I remember seeing this very round man scarfing down an individual-sized pizza at 7am at Oakland Airport. That could easily be me! Well, maybe not a pizza, but I would happily inhale a croissant or 10.
So, I bring:
Apples (LOTS of apples!), as many bananas will fit in my backpack, a ziplock bag full of almonds, string cheese, and maybe something sweet… M&Ms.
I bought this really skinny 8oz water bottle from Amazon for $10 and it’s changed my life. It’s flat, like a book, so it’s easy to pack and fits nicely in the seat pocket of a plane.
I always make sure to fill it up at the airport.
8. Get the smallest carry-on possible. (Mine is 19 inches)
For U.S.-based planes, you can get away with a 20-inch carry on luggage, but in other countries, it might be trickier, as it depends on the plane.
I have a Delsey roller that I used to stuff to the brim. It would be so full the wheels would not roll straight and the handle would shake as it rolled through the airport. Uh, not cool.
Over time, I learned to pack much lighter. I could write an entire article about how to pack mindfully for your trips. The main thing I learned when packing lighter is to just lay it all out next to your luggage, and then start removing what you don’t need.
Questions that help me decide whether it stays or goes:
- Does it match anything else?
- Will I realistically wear it? (Did I wear it the last time I traveled?)
- Does it serve a dual purpose? (If it’s yoga pants, I can also wear them to sleep.)
For Australia, I completely effed up my packing. I just brought too much stuff. My trip was almost a month long, so I just figured, bring it all. What a mistake. I not only brought too much, I brought a lot of the wrong items that didn’t even match or make sense with other items I packed.
It was a big lesson, so for Spain, I kept it simple and it was like, DING DING DING! Yes, this is how to pack for trips.
Besides underwear, I packed everything in pairs. Two pairs of shoes, two short sleeve shirts, two long sleeves, two sweaters, two jeans. It all fit in my Eagle Creek packing cubes. Roll your clothes, don’t fold.
9. Credit cards
When traveling abroad and using your credit cards, always choose the country’s currency, not U.S. dollars. I think it has something to do with the currency rates changing.
The other thing is to make sure your credit card doesn’t charge a foreign transaction fee — it’s usually 3 percent.
10. Get a robust cell phone data plan
Sprint, although, not the best is not the worst either. I have their international travel plan that gives me unlimited data and texting in hundreds of major cities around the world.

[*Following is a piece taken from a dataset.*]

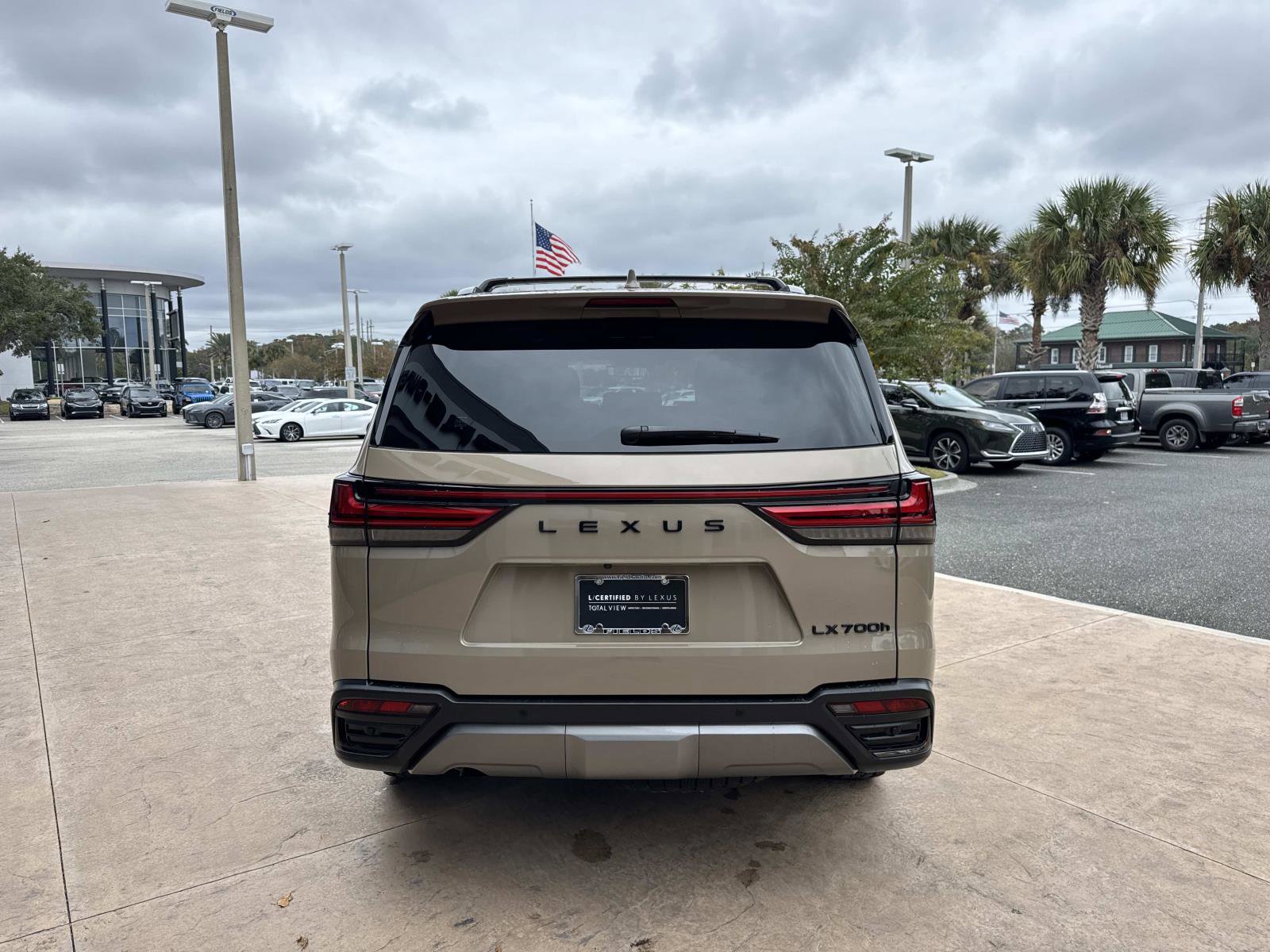 Certified 2025 Lexus LX 700h Overtrail image 4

As soon as I land in a new country, I just restart my phone and I get a text message that tells me that Sprint recognizes that I’m in X country. I never need to mess with SIM cards or worry about where WiFi is.

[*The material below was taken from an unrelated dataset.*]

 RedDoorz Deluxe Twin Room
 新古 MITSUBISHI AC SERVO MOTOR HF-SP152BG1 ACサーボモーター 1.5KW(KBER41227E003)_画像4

Of course, if I go over my allotted gigs, the data speed slows down, but it’s not that big a deal. It’s still unlimited, but there’s a certain threshold for gigs — once you go over, the speed slows.
As long as I can get Google maps, I’m good to go.
Calls are 20 cents a minute, but I just use Skype if I need to make calls.
So there you have it. All 10 of my biggest hacks that make traveling a breeze.